EXERCISE
Images in the data are to be skipped, while every line is restated exactly as written.

Short descriptive text snippets:
+===+

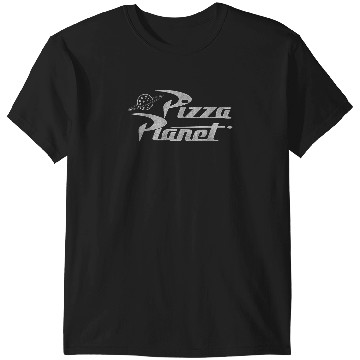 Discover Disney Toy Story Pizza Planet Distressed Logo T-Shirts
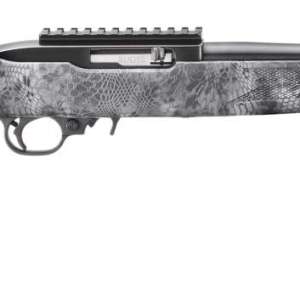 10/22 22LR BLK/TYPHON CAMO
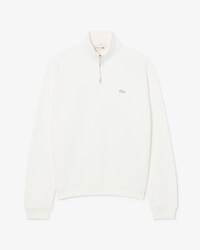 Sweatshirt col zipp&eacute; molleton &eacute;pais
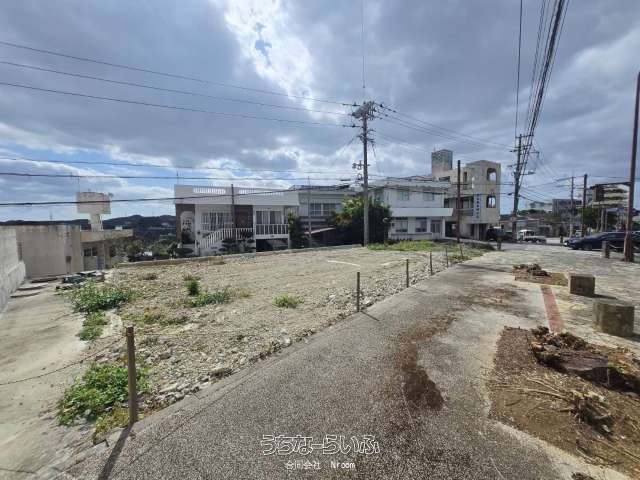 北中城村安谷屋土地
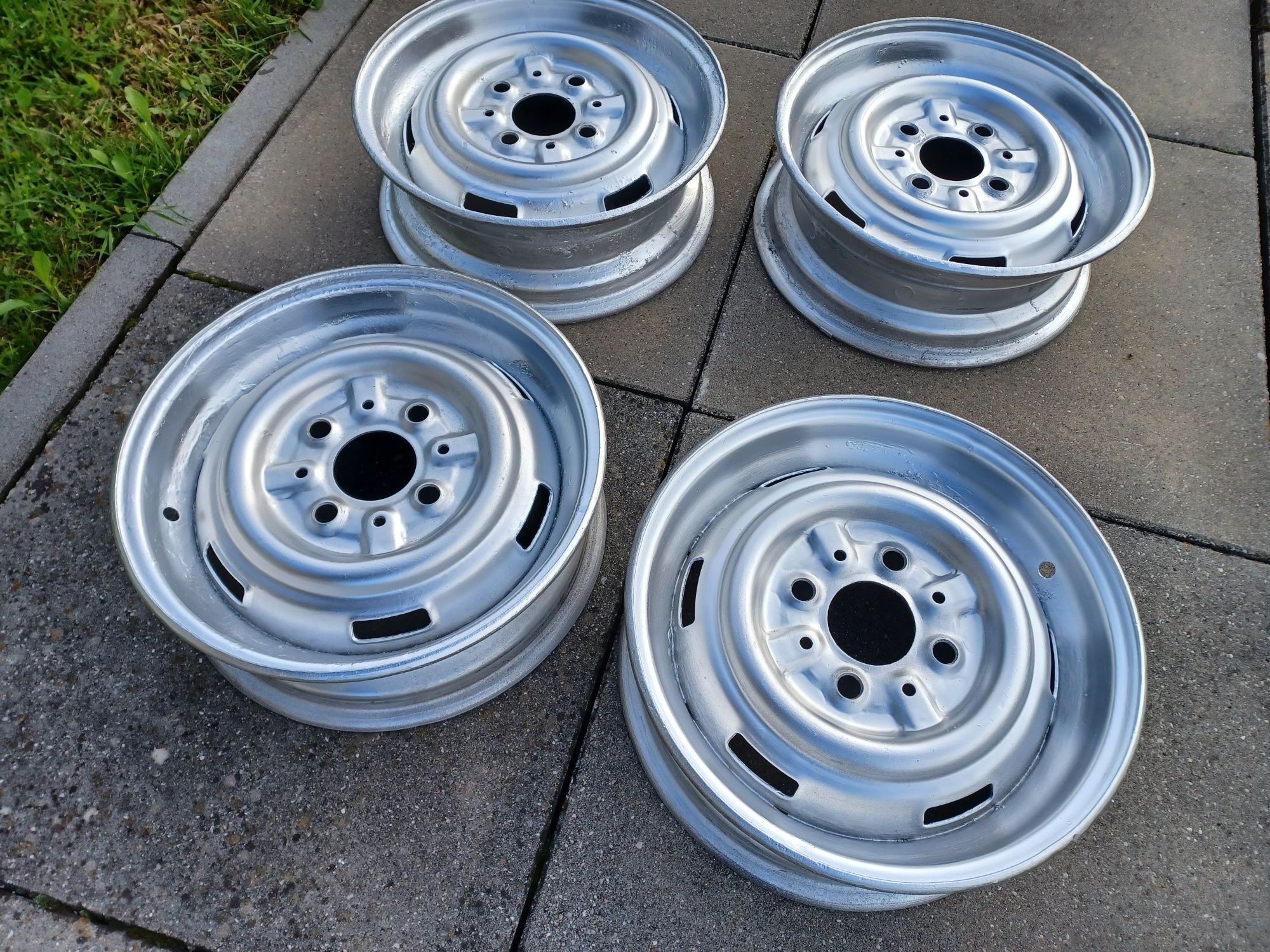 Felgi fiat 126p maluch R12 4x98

+===+

SOLUTION
 Discover Disney Toy Story Pizza Planet Distressed Logo T-Shirts
 10/22 22LR BLK/TYPHON CAMO
 Sweatshirt col zipp&eacute; molleton &eacute;pais
 北中城村安谷屋土地
 Felgi fiat 126p maluch R12 4x98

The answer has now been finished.